Can you share the template just only with each  name for knobs and toggle switches ?  I'm a beginner and I still do not know how to build the decal models. Thanks


----------



## Andrew01 (May 24, 2019)

taxfree said:


> [QUOTE = "Andrew01, postagem: 2500, membro: 80"]
> Aqui está a minha compilação do PCB Derailer que eu renomei Kyberdrive.
> Como um construtor iniciante eu poderia ter escolhido algo mais fácil de construir, então eu tive alguns problemas aqui e ali
> No entanto, estou feliz com a maneira como aconteceu.
> ...



The top is actualy a polyester overlay sheet printed on a laserprinter and is realy sturdy.
The difficulty is attaching it at the exact place in one shot. ;-)
The holes i've cut out with an exacto knife.


----------



## Andrew01 (May 24, 2019)

taxfree said:


> Can you share the template just only with each  name for knobs and toggle switches ?  I'm a beginner and I still do not know how to build the decal models.
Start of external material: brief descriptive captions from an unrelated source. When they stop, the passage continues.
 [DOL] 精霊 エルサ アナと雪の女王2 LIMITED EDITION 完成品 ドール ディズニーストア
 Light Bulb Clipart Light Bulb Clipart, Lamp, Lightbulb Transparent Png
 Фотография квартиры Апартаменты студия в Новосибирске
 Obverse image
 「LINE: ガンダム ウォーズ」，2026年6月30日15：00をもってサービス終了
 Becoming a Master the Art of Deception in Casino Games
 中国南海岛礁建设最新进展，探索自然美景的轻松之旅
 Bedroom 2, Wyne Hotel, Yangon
Thanks



I did it in a somewhat trail and error approach because i found the 4 switches were not equaly devided on the PCB itself.
This actualy surprised me realy but i already was at the point of no return 
So sorry, no template.


----------



## Robert (May 25, 2019)

Andrew01 said:


> I did it in a somewhat trail and error approach because i found the 4 switches were not equaly devided on the PCB itself.
> This actualy surprised me realy but i already was at the point of no return



The switches should all be evenly spaced 0.55" on center.    The DPDT makes it _appear_ like they aren't spaced evenly because it's twice as wide.


----------